Suppose that we want to conduct as study to compare the prevalence of obesity between white and black people. Based on historical data, we have that white have that on average the prevalence of obesity is 42% among whites and 50% among blacks.

Given that we want 2/3 of whites and 1/3 of blacks in our samples,what the minimum sample size required to test for equality of the prevalence of obesity between whites and blacks with a power of 80% and $\alpha=0.05$? 

In [13]:
# we import the needed class
from samplics.sampling import SampleSizePropTwoSample

# We instantiate the object with two_sides = True
prop_equality2 = SampleSizePropTwoSample(two_sides=True)

# We update the object by calculating the sample size
prop_equality2.calculate(prop_1=0.42, prop_2=0.50, kappa=2)

# we print the sample size
print(f"\nThe minimum required sample sizes are: {prop_equality2.samp_size}")

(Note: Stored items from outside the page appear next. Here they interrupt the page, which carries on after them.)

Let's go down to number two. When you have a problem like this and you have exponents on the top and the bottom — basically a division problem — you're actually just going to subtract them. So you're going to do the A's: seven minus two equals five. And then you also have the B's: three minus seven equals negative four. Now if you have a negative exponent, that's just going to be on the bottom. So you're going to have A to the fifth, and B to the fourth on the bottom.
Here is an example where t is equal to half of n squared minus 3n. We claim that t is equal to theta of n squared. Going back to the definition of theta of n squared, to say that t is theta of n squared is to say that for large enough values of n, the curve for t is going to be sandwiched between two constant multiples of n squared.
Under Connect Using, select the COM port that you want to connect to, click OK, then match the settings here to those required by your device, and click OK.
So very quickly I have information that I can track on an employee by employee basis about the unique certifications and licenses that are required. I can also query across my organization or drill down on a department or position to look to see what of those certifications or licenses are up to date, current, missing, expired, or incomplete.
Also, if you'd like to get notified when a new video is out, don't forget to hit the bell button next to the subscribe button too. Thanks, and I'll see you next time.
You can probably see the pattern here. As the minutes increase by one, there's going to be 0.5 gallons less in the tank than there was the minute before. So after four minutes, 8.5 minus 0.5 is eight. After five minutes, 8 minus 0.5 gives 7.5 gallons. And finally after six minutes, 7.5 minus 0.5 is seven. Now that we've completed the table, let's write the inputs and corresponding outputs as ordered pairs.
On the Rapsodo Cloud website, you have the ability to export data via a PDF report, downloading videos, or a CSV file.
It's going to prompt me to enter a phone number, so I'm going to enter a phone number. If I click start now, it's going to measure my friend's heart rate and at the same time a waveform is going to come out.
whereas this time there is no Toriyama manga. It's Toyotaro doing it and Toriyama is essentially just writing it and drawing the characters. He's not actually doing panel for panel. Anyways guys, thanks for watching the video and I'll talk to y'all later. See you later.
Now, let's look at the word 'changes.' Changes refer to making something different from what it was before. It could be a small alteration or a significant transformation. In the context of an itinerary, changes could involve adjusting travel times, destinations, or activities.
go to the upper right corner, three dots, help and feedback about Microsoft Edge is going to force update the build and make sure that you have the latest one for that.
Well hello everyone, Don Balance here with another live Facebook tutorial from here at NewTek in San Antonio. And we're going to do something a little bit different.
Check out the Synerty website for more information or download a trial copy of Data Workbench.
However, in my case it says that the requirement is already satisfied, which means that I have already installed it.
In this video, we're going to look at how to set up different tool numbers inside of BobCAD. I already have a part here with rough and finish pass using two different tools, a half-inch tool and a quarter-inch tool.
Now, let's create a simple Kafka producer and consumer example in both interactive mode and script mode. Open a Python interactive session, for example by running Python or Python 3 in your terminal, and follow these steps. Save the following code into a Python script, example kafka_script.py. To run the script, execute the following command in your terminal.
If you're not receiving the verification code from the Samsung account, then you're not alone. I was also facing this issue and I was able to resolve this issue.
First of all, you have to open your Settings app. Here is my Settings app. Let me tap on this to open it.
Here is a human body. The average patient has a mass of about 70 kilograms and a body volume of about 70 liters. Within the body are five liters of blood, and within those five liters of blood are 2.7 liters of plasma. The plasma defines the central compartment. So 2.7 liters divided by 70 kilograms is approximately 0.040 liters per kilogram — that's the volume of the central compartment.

The minimum required sample sizes are: (912, 456)


## Stratified Design

In a stratified design, the population is divided into $H$ partitions or strata. 

Sample is selected independently from each stratum. 

We can consider two approaches for sample size calculation under stratified design. 

The above `samplics` APIs integrates the notion of stratification.

When instantiating the objects, we can indicate that it's a stratified design using `stratification = True`. 

The parameters should them be provided by stratum using Python dictionairies. 

For example, assume that we have a stratified design with four strata: `North`, `South`, `West`, and `East`. We can provide the means for the strata as follow

```python
prevalence = {
    "North": 0.50,
    "South": 0.65,
    "West": 0.55,
    "East": 0.45
}
```

**Example 5.10** 

Assume that we have a stratified design with four strata: `North`, `South`, `West`, and `East`. We want to conduct a study about the prevalence of obesity. From previous studies, we have that:
- Prevalence rates were 50% in the North, 65% in the South, 55% in the West, and 45% in the East. 
- Response rates were 90% in the North, 85% in the South, 85% in the West, and 70% in the East. 
- Design effects were 1.2 in the North, 1.1 in the South, 1.4 in the West, and 1.7 in the East. 

What are the required minimum sample sizes for the strata to achieve a margin of error of 7%?

In [14]:
# Enter the data into Python dictonaries

prevalence = {"North": 0.50, "South": 0.65, "West": 0.55, "East": 0.45}

response = {"North": 0.90, "South": 0.85, "West": 0.85, "East": 0.70}

deff_c = {"North": 1.2, "South": 1.1, "West": 1.4, "East": 1.7}


Then we can use the parameters to calculate the sample sizes


In [15]:
# Instantiate an object SampleSize for a proportion
obesity_study = SampleSize(parameter="proportion", stratification=True)

# Calculate the sample size for the expected proportion and the desired margin of error
obesity_study.calculate(target=prevalence, half_ci=0.07, deff=deff_c, resp_rate=response)

# Print the sample size
print(f"\nThe minimum required sample size is: {obesity_study.samp_size}")


The minimum required sample size is: {'North': 236, 'South': 197, 'West': 272, 'East': 330}



If more convenient, we can use the method `to_dataframe()` to transform the data into a Pandas DataFrame


In [16]:
obesity_study.to_dataframe()

Unnamed: 0,_parameter,_stratum,_target,_sigma,_half_ci,_samp_size
0,proportion,North,0.5,0.25,0.07,236
1,proportion,South,0.65,0.2275,0.07,197
2,proportion,West,0.55,0.2475,0.07,272
3,proportion,East,0.45,0.2475,0.07,330


**Exercise 5.6**

Assume that we want to calculate sample size for a stratified study. The stratification variable is race and it takes three values: black, hispanic, and white.  From previous studies, we have the following data on income

```python
mean_women = {"black": 25000, "hispanic": 30000, "white":35000}
mean_men = {"black": 35000, "hispanic": 33000, "white":55000}
sigma = {"black": 1200, "hispanic": 3000, "white":3200}
```

For each of these groups, we want to test whether men and women have the same income on average. Calculate the required sample size for each group for a power of 80% and $\alpha=0.05$. We will assume that both the response rate and the design effect are equal to 1.